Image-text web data

Start of Block

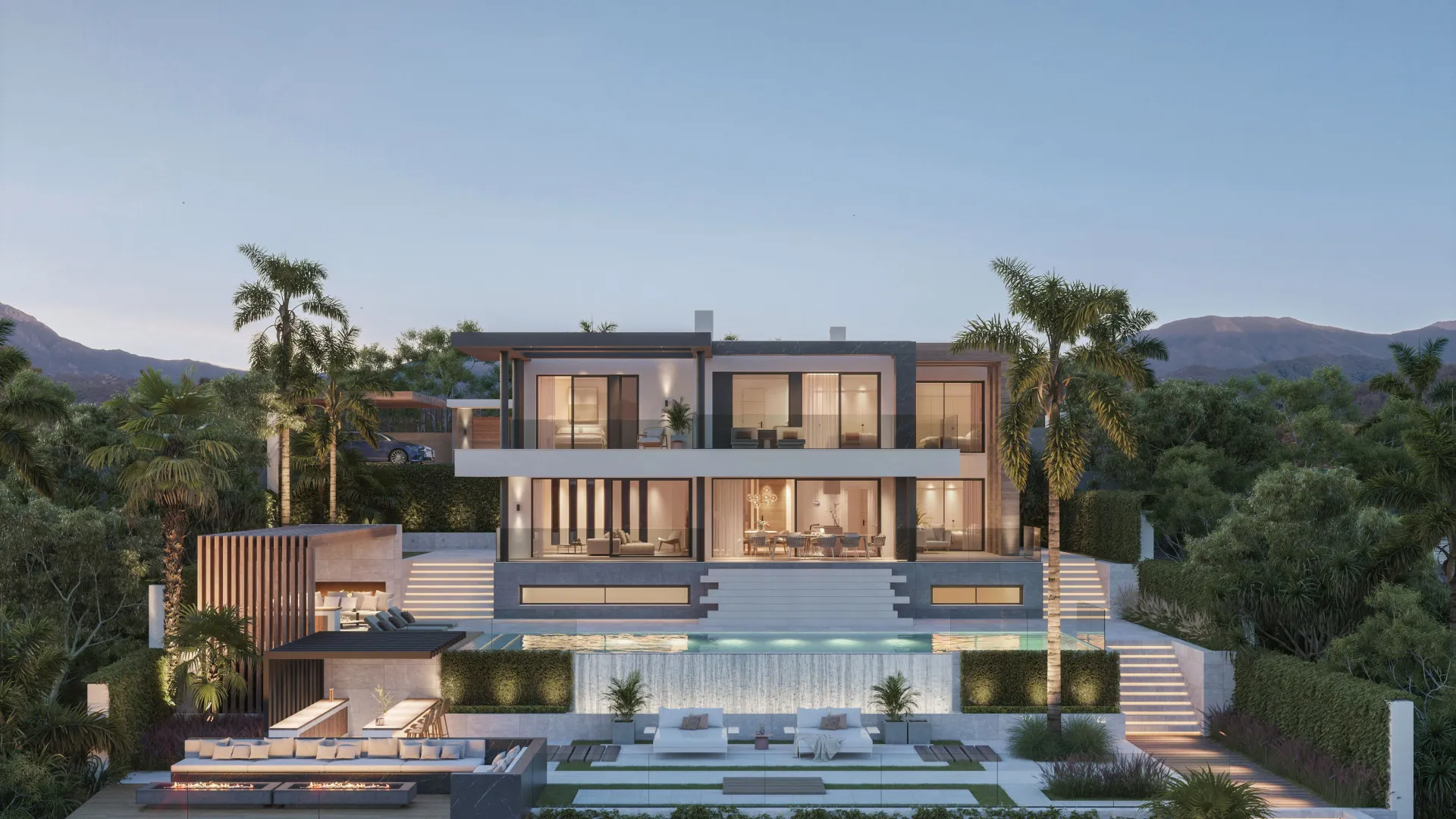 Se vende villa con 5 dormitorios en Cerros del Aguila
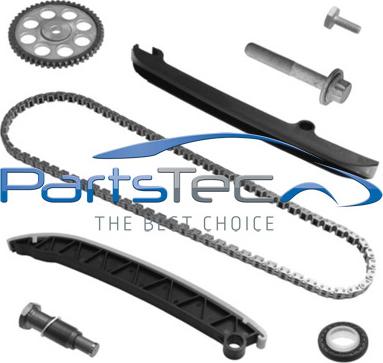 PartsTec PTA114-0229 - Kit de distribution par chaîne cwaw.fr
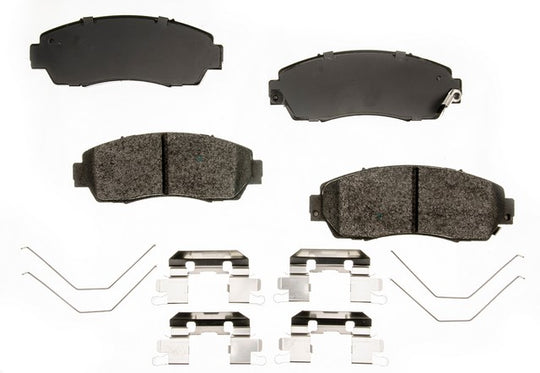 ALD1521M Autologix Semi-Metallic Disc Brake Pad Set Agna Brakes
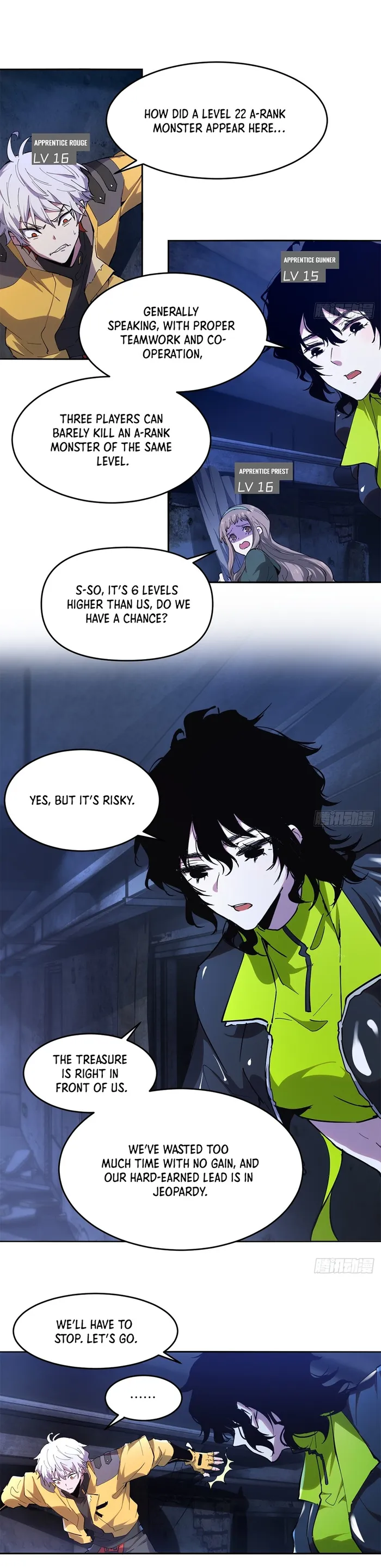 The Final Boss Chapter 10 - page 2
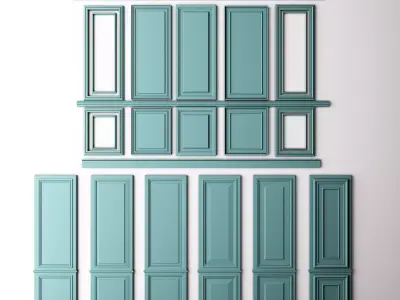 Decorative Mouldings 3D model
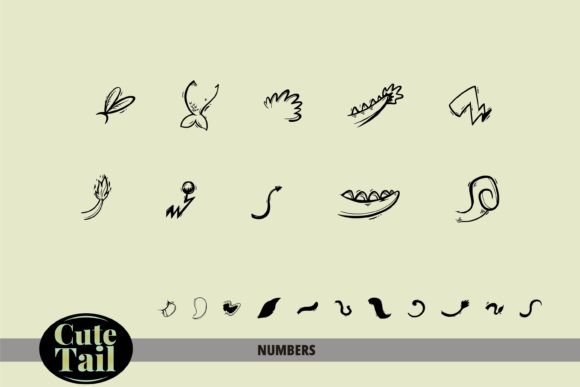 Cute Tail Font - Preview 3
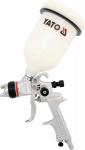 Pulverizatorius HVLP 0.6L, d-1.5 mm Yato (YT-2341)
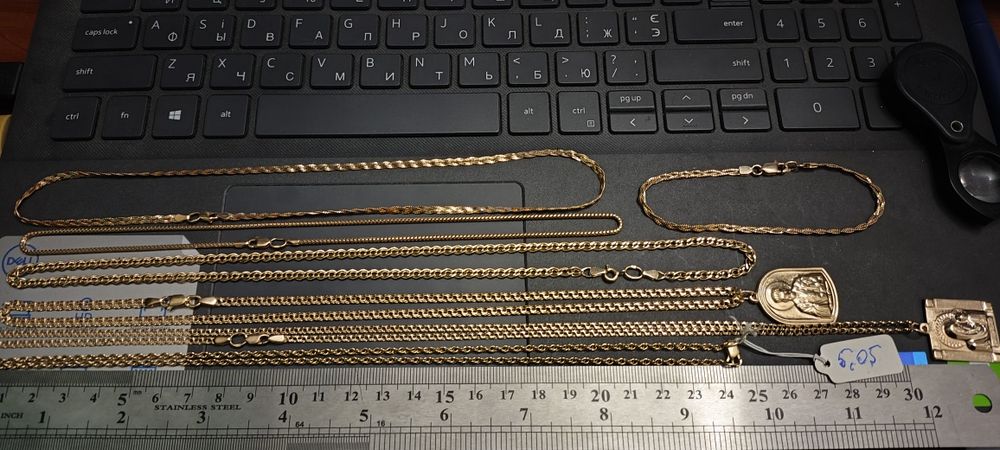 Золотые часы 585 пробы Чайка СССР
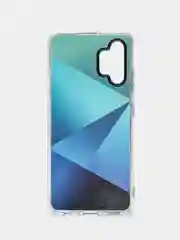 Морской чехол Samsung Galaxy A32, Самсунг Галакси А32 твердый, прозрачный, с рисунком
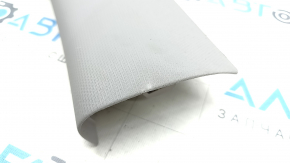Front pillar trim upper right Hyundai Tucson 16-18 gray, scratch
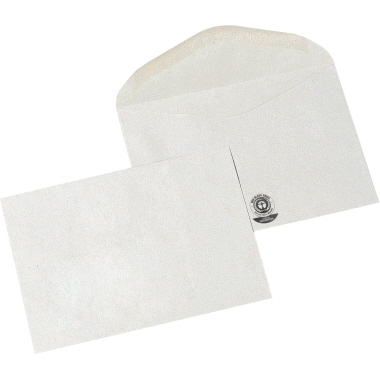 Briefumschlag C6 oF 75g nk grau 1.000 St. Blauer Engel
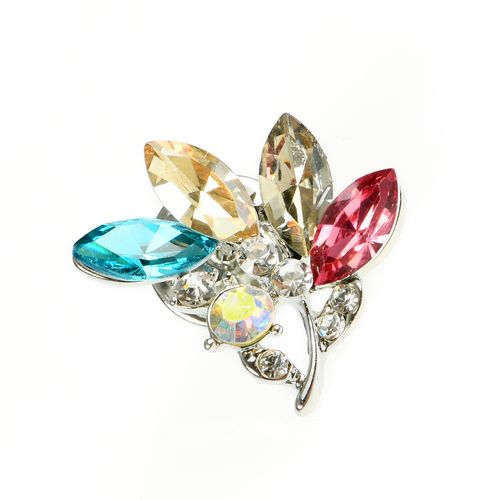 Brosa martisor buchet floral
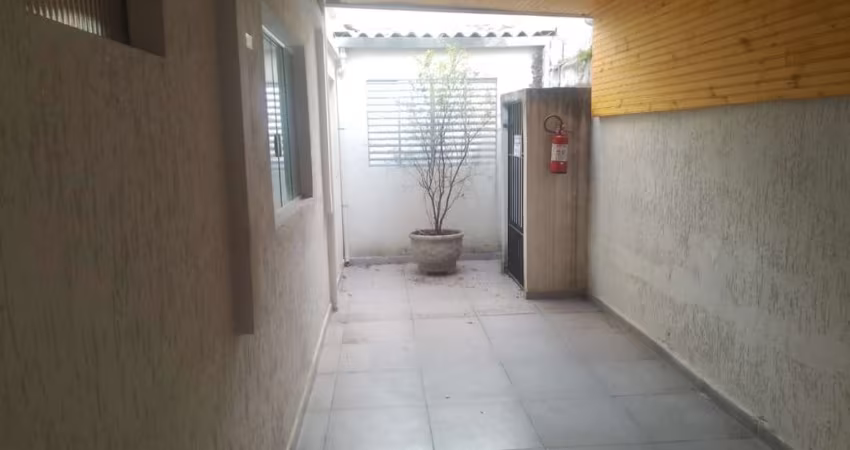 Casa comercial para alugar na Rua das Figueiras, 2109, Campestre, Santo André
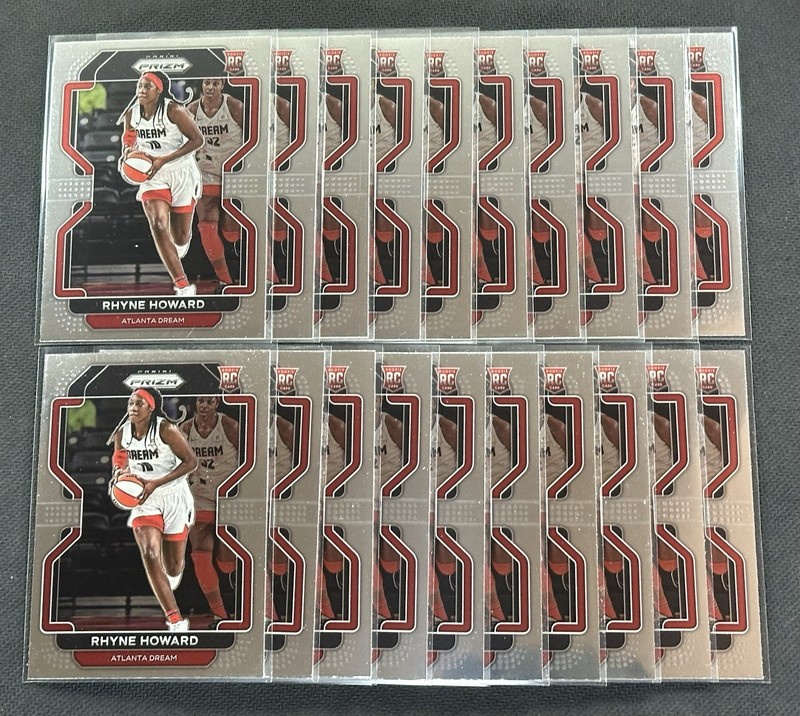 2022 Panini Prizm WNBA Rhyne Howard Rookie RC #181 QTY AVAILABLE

End of Block

What you will do: What must be output is the exact run of lines from the one holding "Brosa martisor buchet floral" through the end of the entries above, both ends included, minus the pictures.

Expected output:
 Brosa martisor buchet floral
 Casa comercial para alugar na Rua das Figueiras, 2109, Campestre, Santo André
 2022 Panini Prizm WNBA Rhyne Howard Rookie RC #181 QTY AVAILABLE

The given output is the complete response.